What is the major advantages of coding like this?

  1. If your code always runs, it allows you to quickly find syntax errors and typos.
  2. You avoid implementing unused code. It sucks to really work on a code section to only realize later that you didn’t actually need it.
  3. You spend your time on the standard case and can add certain options or take care of edge cases when the appropriate time arises. Because sometimes that time will never arise…

Anyways, enough advice, start coding!

 

 

 

 

Basic Bash

Basically these are the only things I know about Bash :). These aren’t all truly Bash commands, but instead these are common commands that everyone should know when using the Linux or Mac command line.

 

Notes

First, the command follows the $ and is listed in bold, the == is just a spacer, and everything else is a description of the command. The <> symbols designate where some other name should go there (like a file, folder, username, etc). The * symbol designates a wildcard, and can be used in conjunction with a partial search term. This means *.txt matches file.txt, file1.txt, etc.

 

Very Basics Commands

$ Ctrl + C  == Kill whatever is running in the foreground

$ tab == complete current typing

$ <command> –help == lists options of a given command

$ Ctrl + A == Go to the beginning of the line you are currently typing on

$ Ctrl + E = Go to the end of the line you are currently typing on

$ Ctrl + U == Clears the line before the cursor position. If you are at the end of the line, clears the entire line.

 

Where Am I and How to I Move Elsewhere?

$ pwd == print working directory

$ cd == change directory

$ cd / == go to root

$ cd .. == go up one level

$ ls == list files and folders

$ ls -a == list all files and folders (including hidden)

 

Basic File/Folder Manipulation

$ mkdir <folder name> == create new folder

$ cp <old file name>  <new file name> == copy and rename a file

$ mv <file> <folder> == move file to a folder

$ rm <file> == delete file

$ rm -r <folder> == delete folder

$ cat <file> == show content of file

$ head -n <number of lines> <file> == show top n lines of file

$ tail -n <number of lines> <file> == show last n lines of file

 

Nano

This is a basic file editor

$ nano <existing file> == opens up a file

$ nano <non-existing file> == creates and opens up a file

Within nano, the needed commands are listed at the bottom where the ^ symbol stands for Ctrl.

 

What is currently running? Can I stop it?

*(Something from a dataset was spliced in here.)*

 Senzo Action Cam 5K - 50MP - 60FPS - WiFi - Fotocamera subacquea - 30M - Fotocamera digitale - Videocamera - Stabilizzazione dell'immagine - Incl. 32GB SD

$ top == list all processes running on a computer

$ top -u <username> == lists processes being run by username

$ kill <pid> == kill a process identified by pid, which can be found by using top

$ killall -u <username> == kills all processes being run by username

 

How to run stuff in the background

$ <command> & == runs command in background

If you want to run jobs on a remote server, there will be some queueing system. Check out useful commands like qsub, qstat, etc. However, if you just want to run multiple processes on a single computer (even after logging off), Screen and Tmux are the tools you need. I personally use screen, and below are some useful commands.

 

Screen

$ screen -S <name> == new screen with name

$ Ctrl-a d == detach from screen

$ screen -r name == reattach to screen

$ screen -ls == list of screens

$ exit == kills currently attached screen

Example Running Code in the Background

Here is an example set of commands that will run a Python script in the background.

$ screen -S test

$ python test.py > out.txt 2>&1 &

$ Ctrl-a d

You now can safely exit and the computer will do all the tough work for you!

I did add one new command in there, the redirect (>). What this means is that Python runs test.py. If there is anything that should be printed to the terminal, it gets redirected and saved into the file out.txt. Otherwise when you reattach to the screen named test, you will just get the recent terminal output (usually there is some display length limit).